What you have to do =>
Repeat, word for word and with nothing added, each line from the one containing "[RM126] Beautiful Girl" to the final line of the data, keeping both ends. Pictures are not part of the copy.

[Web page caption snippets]
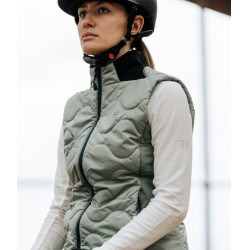Gilet senza maniche Horse Pilot donna Verde liscio Gilet senza maniche Horse Pilot donna Verde liscio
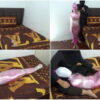 [RM126] Beautiful Girl 150cm wrapped in multi-layered plastic and head wrapped in swimcap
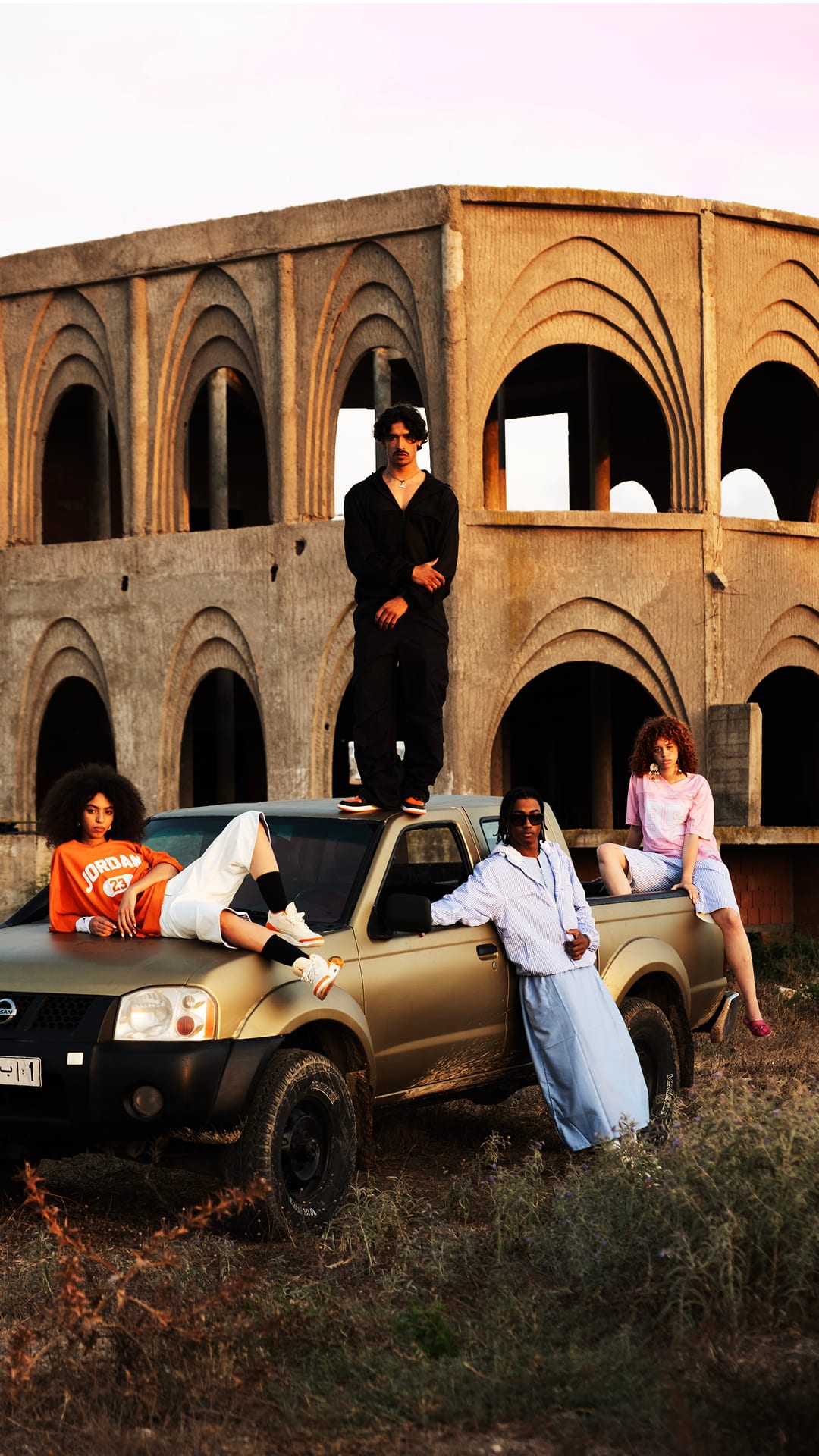 Editorial: Opium Paris x Family Huncho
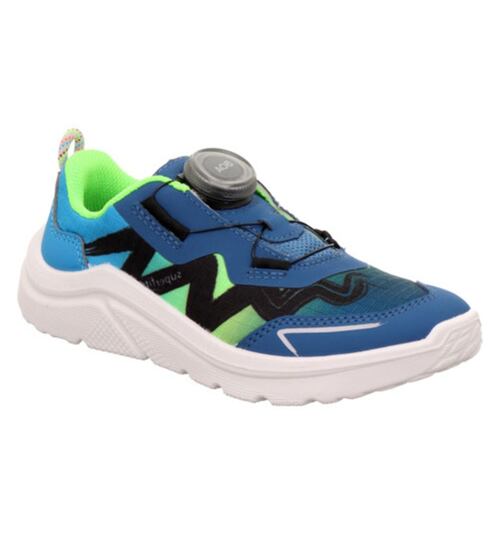 Superfit chlapecké tenisky Kicks boa 1-006101-8000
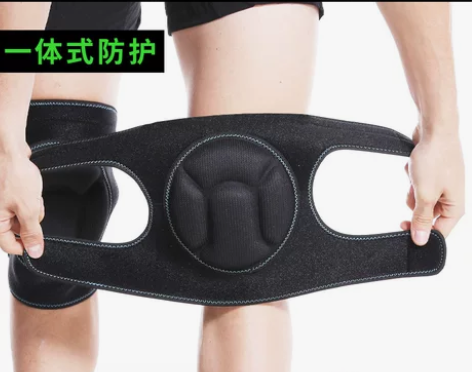 女士舞蹈运动护膝足球跪地舞蹈街舞攀岩加厚海...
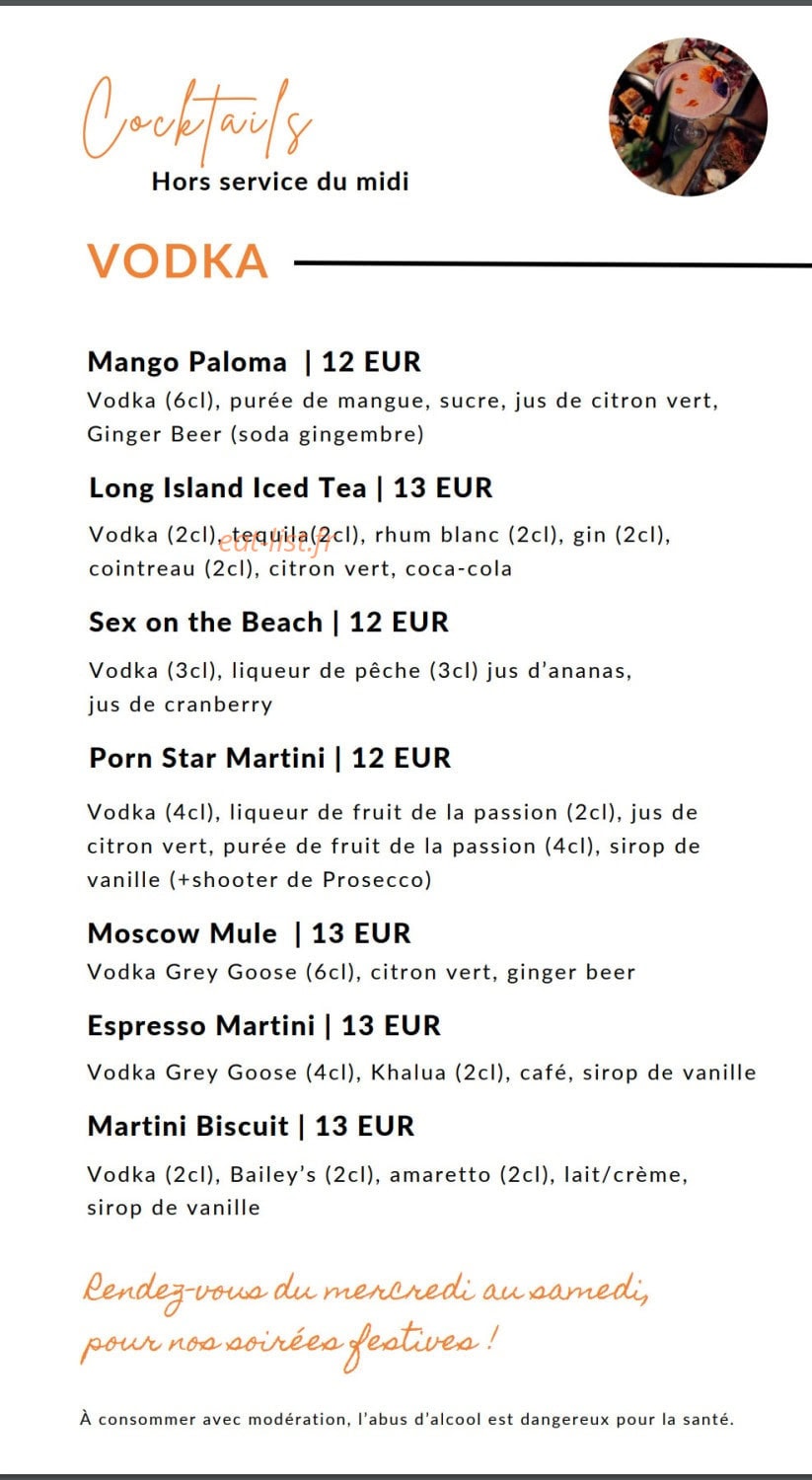 Le Ted — carte page 9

Answer area =>
 [RM126] Beautiful Girl 150cm wrapped in multi-layered plastic and head wrapped in swimcap
 Editorial: Opium Paris x Family Huncho
 Superfit chlapecké tenisky Kicks boa 1-006101-8000
 女士舞蹈运动护膝足球跪地舞蹈街舞攀岩加厚海...
 Le Ted — carte page 9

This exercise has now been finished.